An ovalized excavator bushing is repaired on site with a portable line boring machine: the worn bushing is pulled out, the bore is measured, the missing material is rebuilt with a welding overlay, and the bore is machined back to nominal size, with tolerances down to H7, without dismantling the boom or hauling it to a workshop.
The critical point is understanding where the wear actually sits. As long as the play stays confined between pin and bushing, replacing the spare part is enough. But once the bushing starts to rotate or hammer inside its own seat, the ovalization moves to the bore of the boom or bucket: from that point on, fitting a new bushing into an ovalized seat means finding the same play again after a few hundred hours.
This guide explains how to diagnose the play, how to decide between a simple bushing replacement and a full bore restoration, and how to carry out the complete repair directly on the excavator, with the welding overlay + line boring sequence typical of Dual System machines.
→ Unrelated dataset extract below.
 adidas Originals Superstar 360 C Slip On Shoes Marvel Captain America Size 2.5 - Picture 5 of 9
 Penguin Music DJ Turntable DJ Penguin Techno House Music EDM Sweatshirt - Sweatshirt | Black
For the fundamentals of the process, the complete guide to line boring is the starting point.
Ovalized bushing: what it is and why the seat gets damaged
Ovalization is the uneven wear of a cylindrical bore: the diameter measured along the load direction is larger than the one measured perpendicular to it, and the bore takes on an elliptical geometry. On an excavator the phenomenon typically hits the most heavily loaded pivots: bucket linkage, connecting rod and dipper, boom foot.
The cause is almost always a predictable chain: insufficient or contaminated lubrication → increased friction between pin and bushing → growing play → loads that shift from distributed to impulsive (hammering). At that stage the bushing, which should stay press-fitted with interference, can start to move in its seat and wear the base material of the boom, which is usually not hardened and far less wear-resistant than the bushing itself.
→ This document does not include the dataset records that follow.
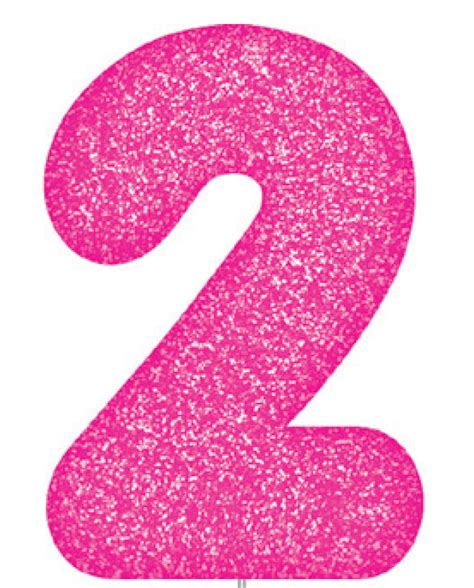 Pink Glitter Number Cake Birthday Candles 2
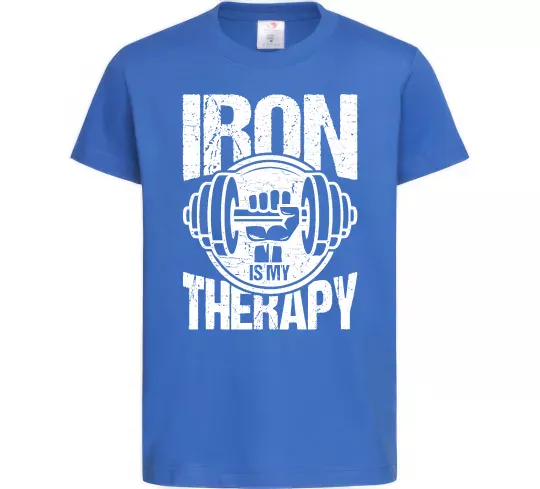 Детская футболка Iron is my therapy Ярко-синий фото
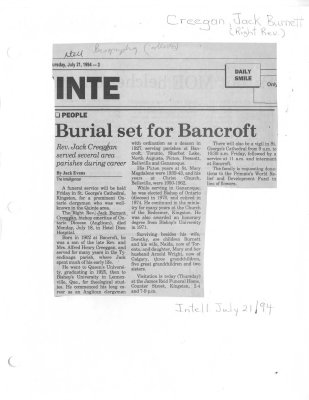 Burial set for Bancroft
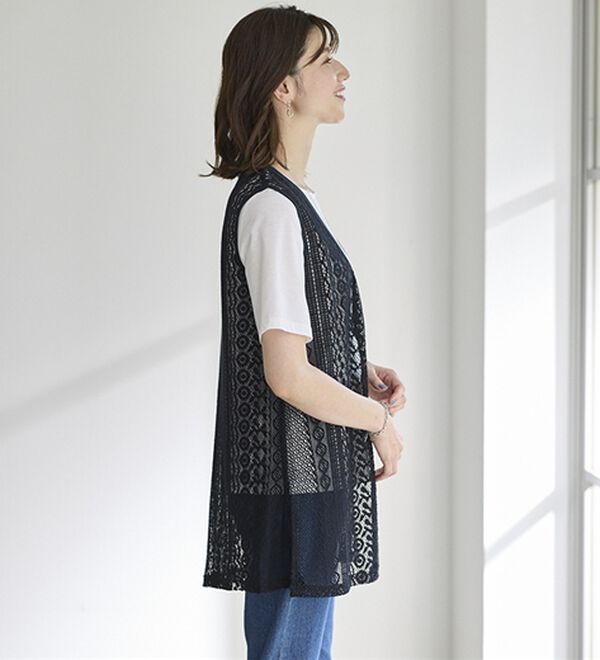 BELLUNA（ベルーナ）の「透かし編ジレアンサンブル（ジレ）」｜詳細画像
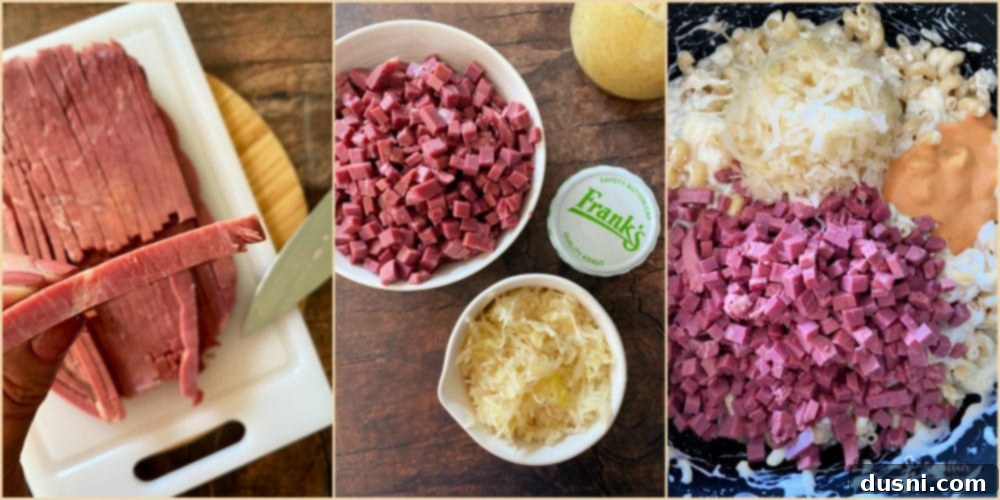 Mixing corned beef, sauerkraut, and Thousand Island dressing into the cheesy pasta.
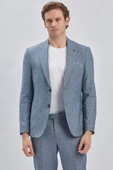 Koyu Lacivert Kırlangıç Yaka Pamuklu Keten 6 Drop Slim Fit Dar Kesim Klasik Takım Elbise 1001240103 - 5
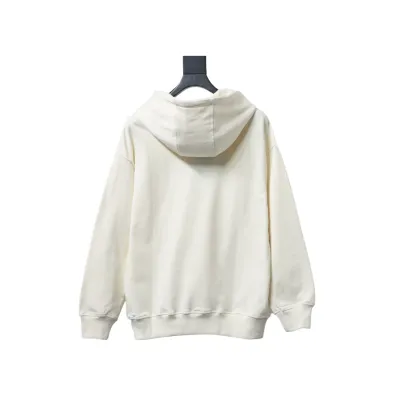 Gucci 25Fw Signature Logo Embroidered Hoodie White/Black 02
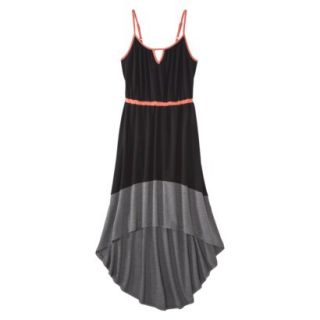 Merona Petites Sleeveless High Low Maxi Dress   Black/Mango XXLP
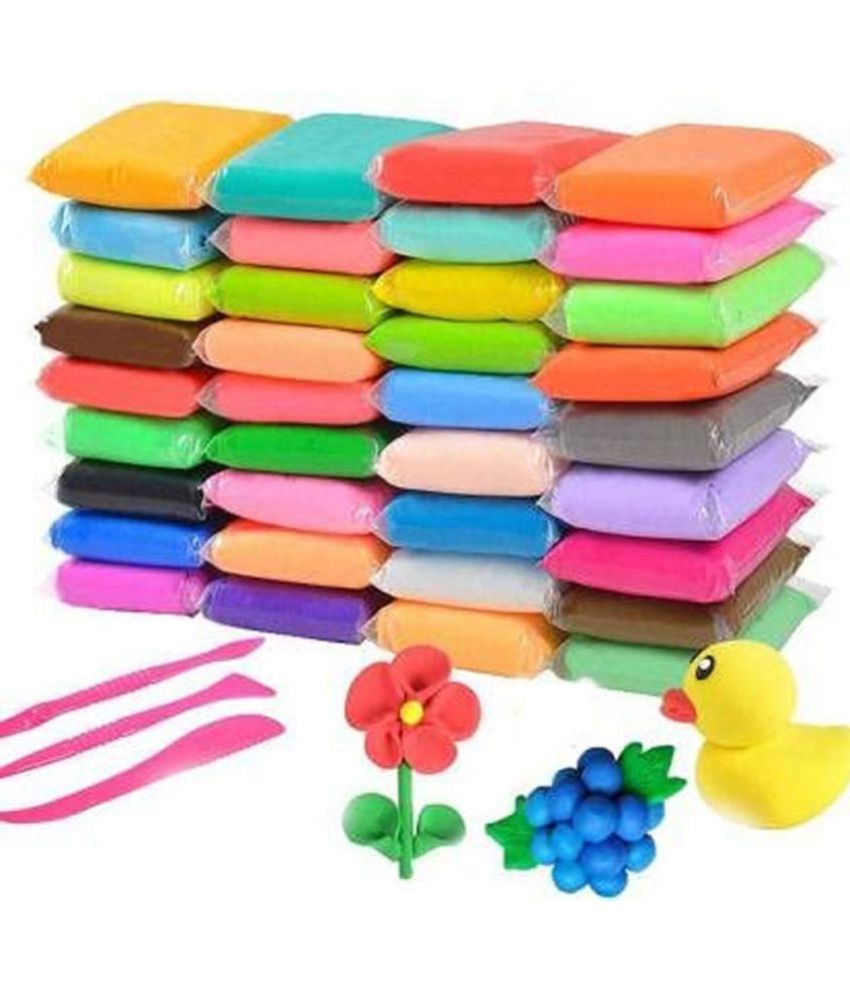 36 PCS Air Dry Clay Set, Colorful Children Soft Clay, Creative Art Crafts, Gifts for Kids-Multi Color. Non-Toxic Modeling Magic Fluffy Foam Bouncing Clay Putty Kit for Kids with Tools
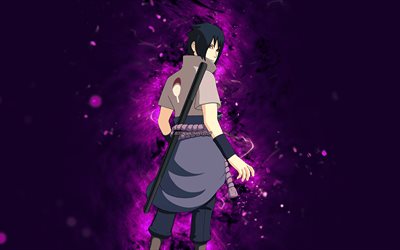 sasuke uchiha, 4k, violette neonlichter, fortnite battle royale, fortnite-charaktere, sasuke uchiha skin, fortnite, sasuke uchiha fortnite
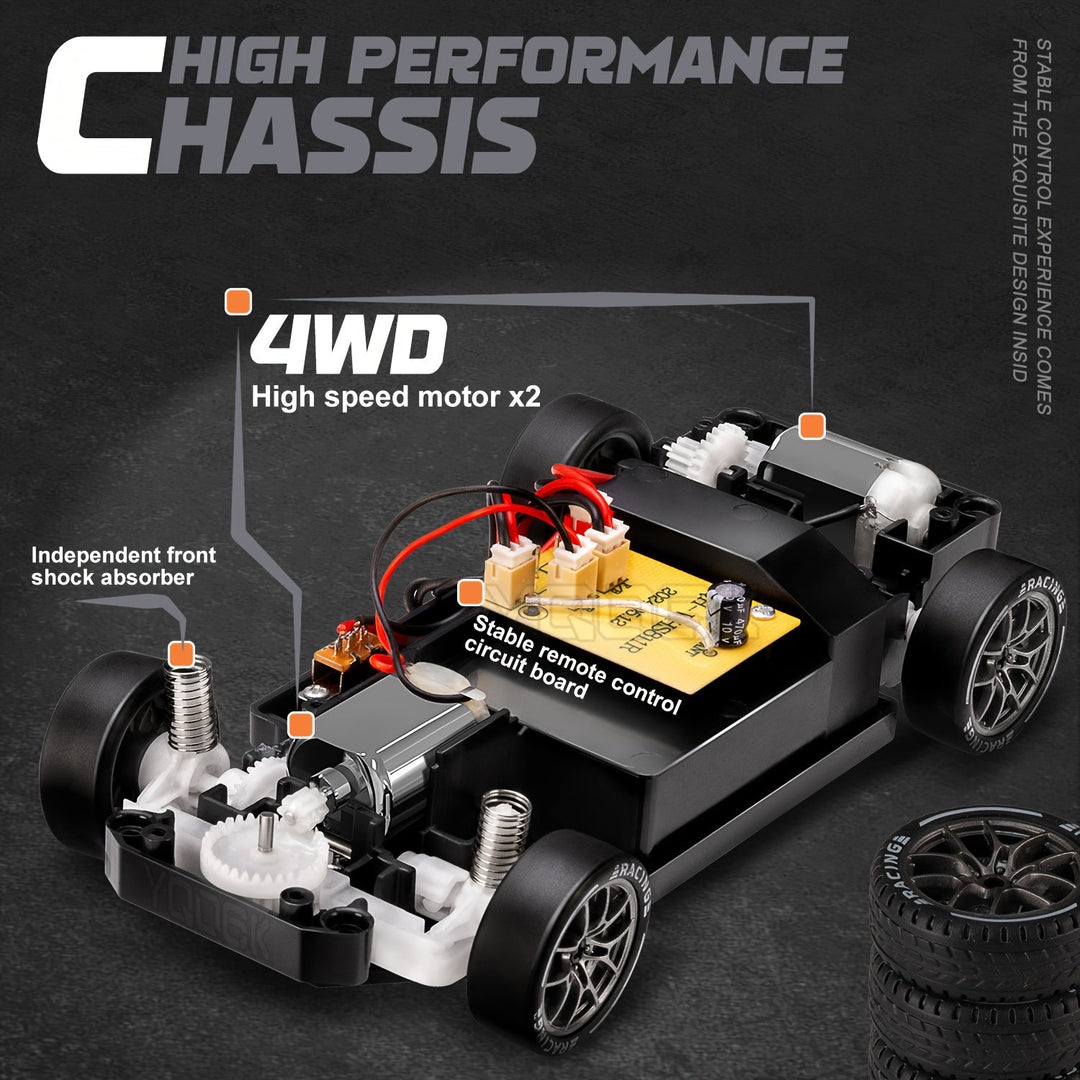 Lisslune | 1:24 RC Drift Car | 4WD, LED Wheels & USB Rechargeable for Indoor and Outdoor Racing Fun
The result is felt before it is even measured: sharp knocks at the start and end of travel, poor bucket precision in finishing work, "spongy" movement under load. Ignoring it does not pay off: the more the seat ovalizes, the more material has to be rebuilt, and the longer the machine downtime will be once the repair becomes unavoidable.
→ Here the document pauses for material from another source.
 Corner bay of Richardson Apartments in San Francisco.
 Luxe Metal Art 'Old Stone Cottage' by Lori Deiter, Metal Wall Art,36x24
Diagnosing the play: bushing, pin or seat?
Before ordering spare parts you need a correct diagnosis, because the three types of wear call for different remedies. The check is done with the machine shut down and secured, with the pivot unloaded:
Measuring the overall play. With a dial indicator resting on the boom and a lever on the pivot, the total radial movement is recorded. Play visible to the naked eye is already beyond the threshold on most pivots.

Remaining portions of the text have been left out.